I have just upgraded my lab from 3.2.1 to 4.0. It did not go as smooth as I expected but I got through.
Now I have strange error (at least it is to me) where an alarm constant comes back with "Application crashed"
When tailing /var/log/syslog I have these entries, but I am not sure this is related or a different error:
2022-08-15T11:53:57.155Z nsxt.lab.local NSX 32752 - [nsx@6876 comp="nsx-manager" s2comp="nsx-net" tid="32761" level="WARNING"] StreamConnection[8712 Connecting to unix:///var/run/vmware/nestdb/nestdb-server.sock sid:8712] Couldn't connect to 'unix:///var/run/vmware/nestdb/nestdb-server.sock' (error: 2-No such file or directory)
2022-08-15T11:53:57.156Z nsxt.lab.local NSX 32752 - [nsx@6876 comp="nsx-manager" s2comp="nsx-net" tid="32761" level="WARNING"] StreamConnection[8712 Error to unix:///var/run/vmware/nestdb/nestdb-server.sock sid:-1] Error 2-No such file or directory
2022-08-15T11:53:57.156Z nsxt.lab.local NSX 32752 - [nsx@6876 comp="nsx-manager" s2comp="nsx-rpc" tid="32761" level="WARNING"] RpcConnection[8712 Connecting to unix:///var/run/vmware/nestdb/nestdb-server.sock 0] Couldn't connect to unix:///var/run/vmware/nestdb/nestdb-server.sock (error: 2-No such file or directory)

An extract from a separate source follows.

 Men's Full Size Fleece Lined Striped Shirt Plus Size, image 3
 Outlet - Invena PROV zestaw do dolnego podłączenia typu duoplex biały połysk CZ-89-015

2022-08-15T11:53:57.156Z nsxt.lab.local NSX 32752 - [nsx@6876 comp="nsx-manager" s2comp="nsx-rpc" tid="32761" level="WARNING"] RpcTransport[0] Unable to connect to unix:///var/run/vmware/nestdb/nestdb-server.sock: 2-No such file or directory
2022-08-15T11:53:57.156Z nsxt.lab.local NSX 32752 - [nsx@6876 comp="nsx-manager" s2comp="nestdb-client" tid="32752" level="WARNING"] NestDbClient: failed to get stub to unix:///var/run/vmware/nestdb/nestdb-server.sock, retrying in 5000 ms...
Looks like the service nestdb is missing?
I do know this is a lab environment, but I am bit uncertain about going to upgrade customer installations as long as I do not know what this error is about, and would like to be certain before doing any ![]()
Any idea on what this could be is highly appreciated!
Hello, I have currently the same error in my Lab-Stage as well! May I ask you, if the GENEVE Tunnels can be built if you have running VM on NSX-T Segment? I am not sure whether this error has any effect on building GENEVE Tunnels.
I don't see any problems in the tunnels, all are up. And the VMs can communicate.
/Martin
I have the same error as well...
I also have the same error here after upgrade from 3.2 to 4.0
I also have the same error with the same NSX version.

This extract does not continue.